Please output the listing that follows exactly, but keep all images out.

──────

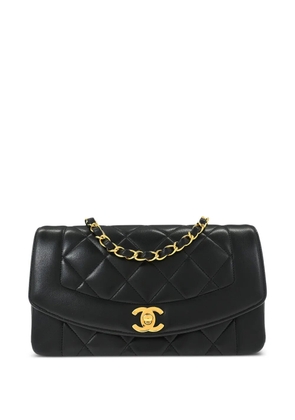 CHANEL Pre-Owned 1997 small Diana quilted shoulder bag - Black
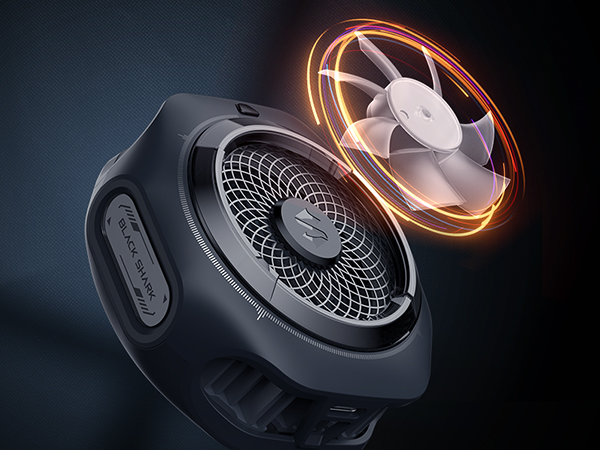 Black Shark Magnetic Cell Phone Cooler 4PRO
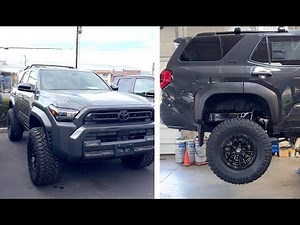 2025 4runner SR5 6th gen build on 35" tires (35's) +3.5" lift kit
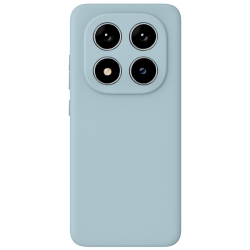 Θήκη κινητού Silky And Soft για Xiaomi Redmi Note 14 Pro Plus 5G - Γαλάζιο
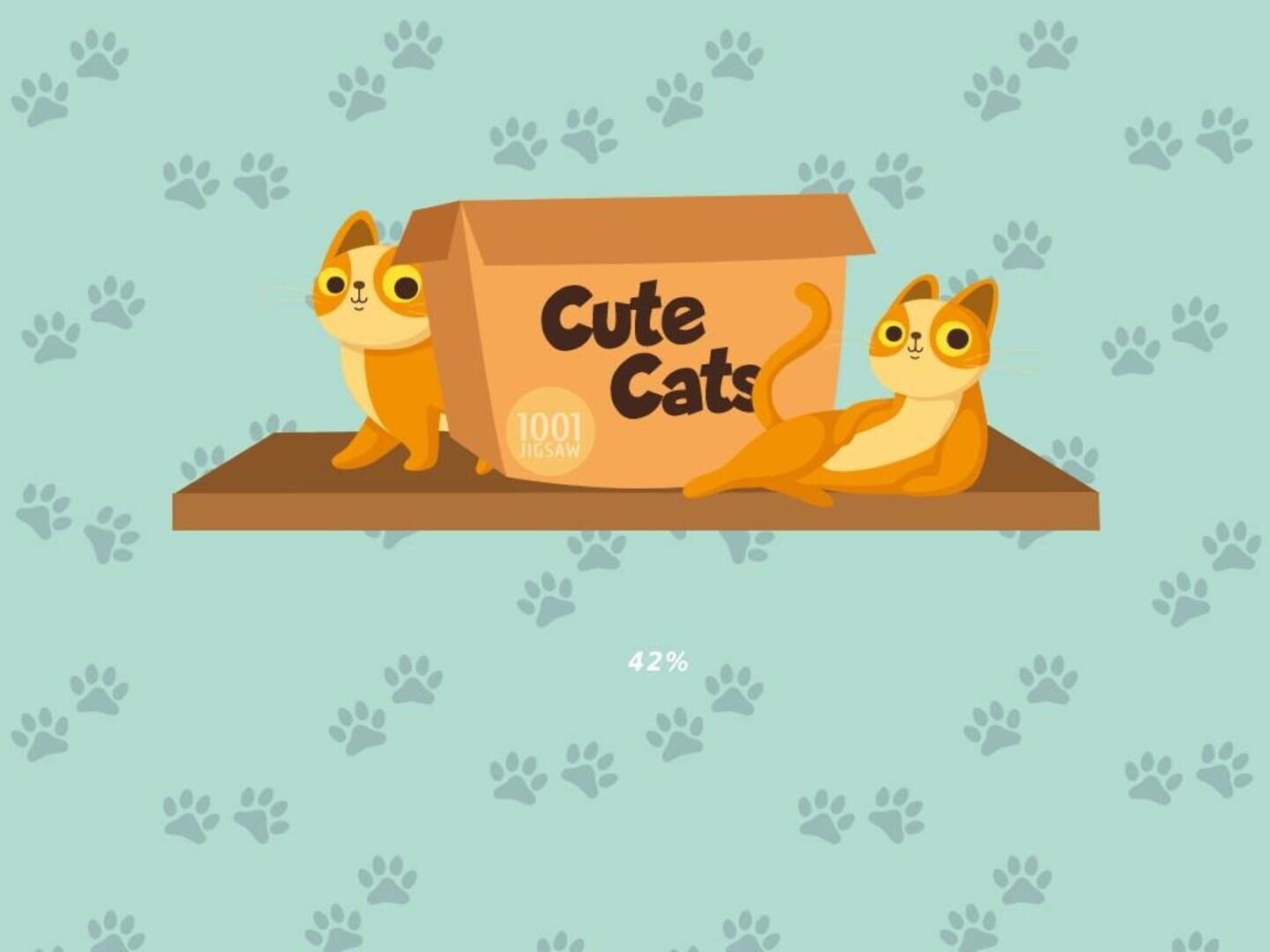 1001 Jigsaw: Cute Cats screenshot 1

──────

• PROBLEM SOLUTION
 CHANEL Pre-Owned 1997 small Diana quilted shoulder bag - Black
 Black Shark Magnetic Cell Phone Cooler 4PRO
 2025 4runner SR5 6th gen build on 35" tires (35's) +3.5" lift kit
 Θήκη κινητού Silky And Soft για Xiaomi Redmi Note 14 Pro Plus 5G - Γαλάζιο
 1001 Jigsaw: Cute Cats screenshot 1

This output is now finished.